COLLECTED MATERIAL:
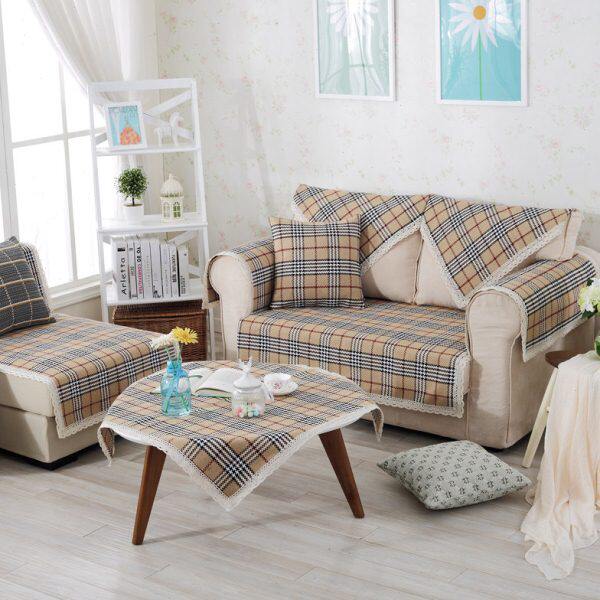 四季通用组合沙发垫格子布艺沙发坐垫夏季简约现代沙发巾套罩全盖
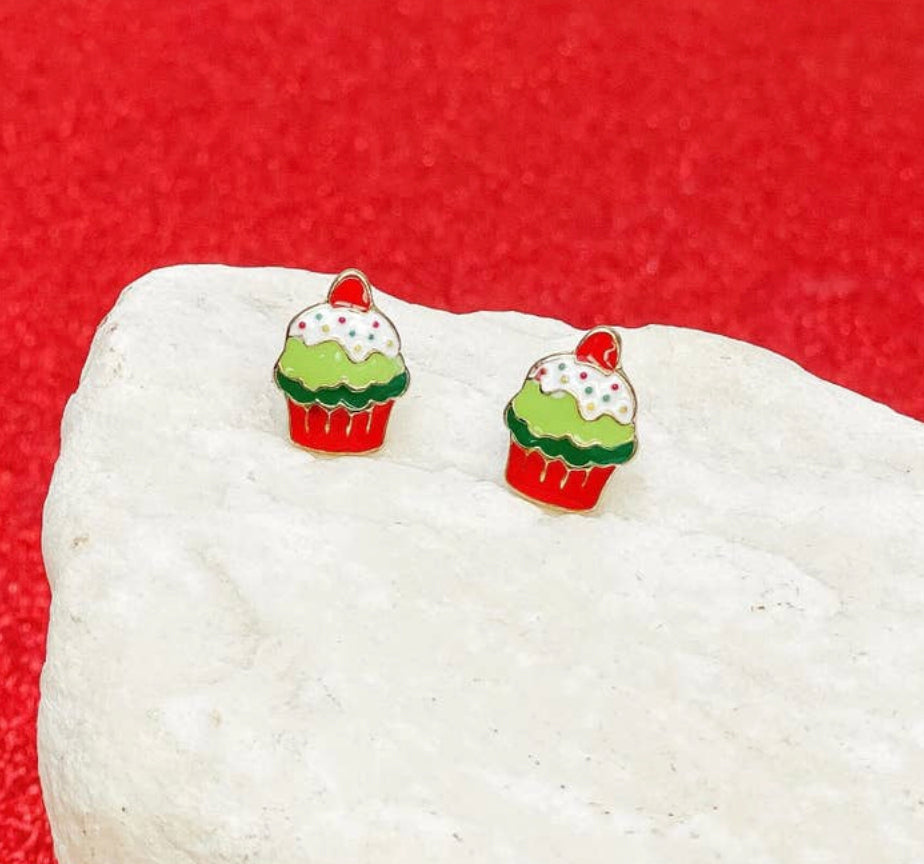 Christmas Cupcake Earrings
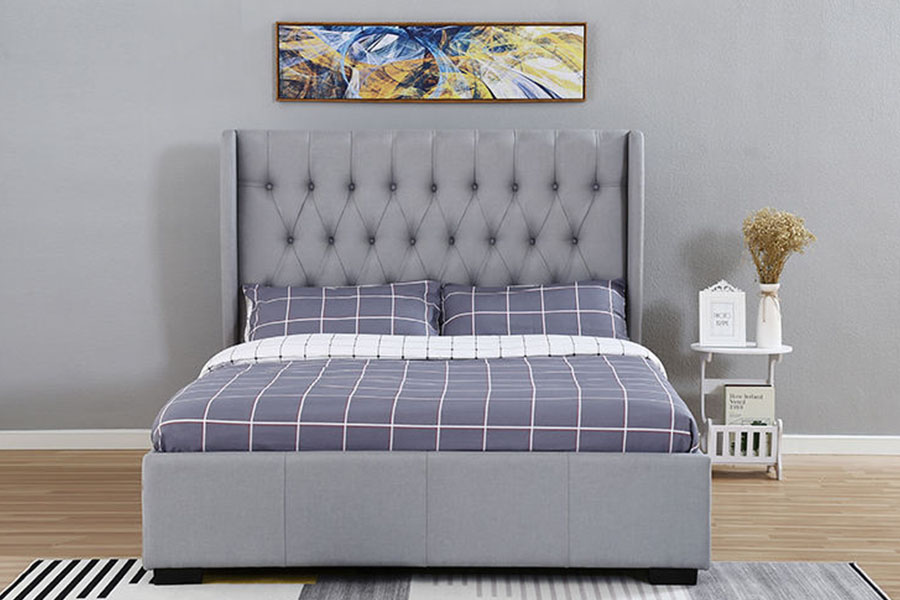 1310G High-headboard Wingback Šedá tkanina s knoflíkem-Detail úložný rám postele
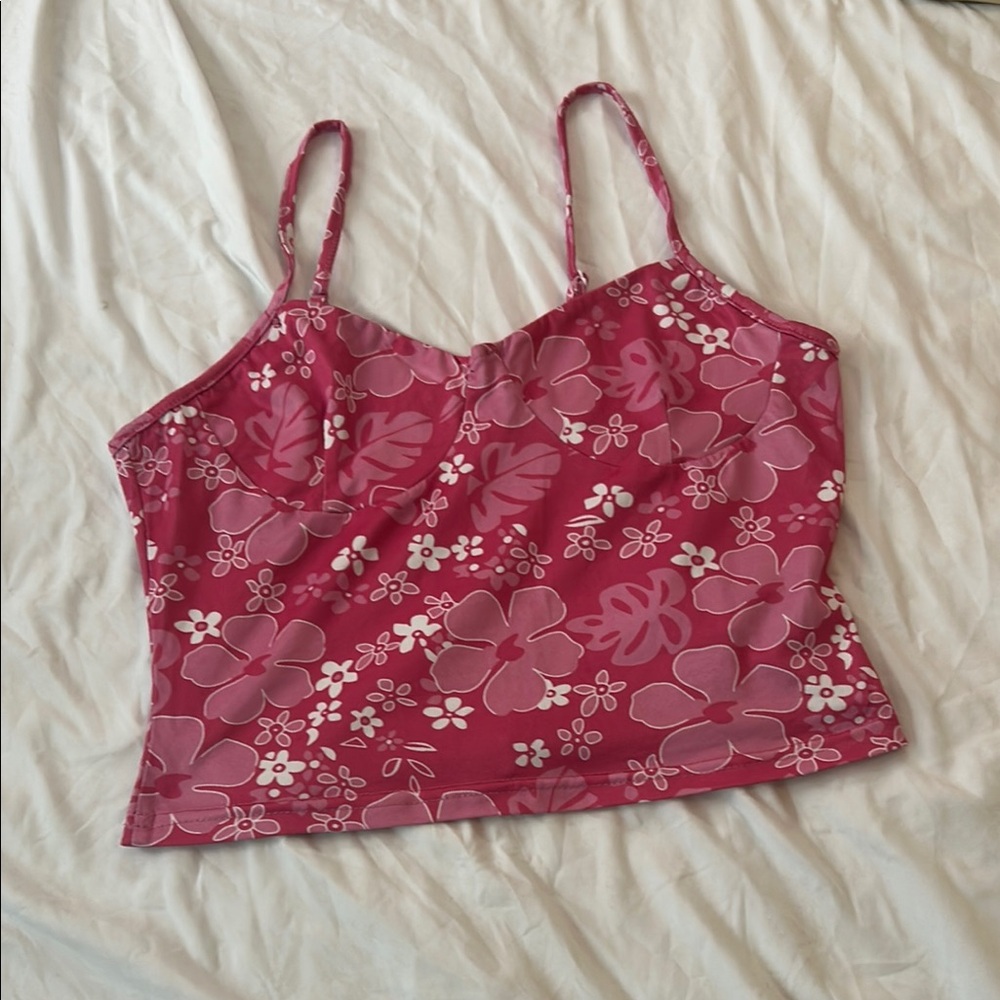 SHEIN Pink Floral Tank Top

WHAT THE TASK ASKS: Please copy, exactly and only, the lines of the listing that run from the one holding "Christmas Cupcake Earrings" through its last line, and exclude pictures.

ANSWER TO THIS EXERCISE:
 Christmas Cupcake Earrings
 1310G High-headboard Wingback Šedá tkanina s knoflíkem-Detail úložný rám postele
 SHEIN Pink Floral Tank Top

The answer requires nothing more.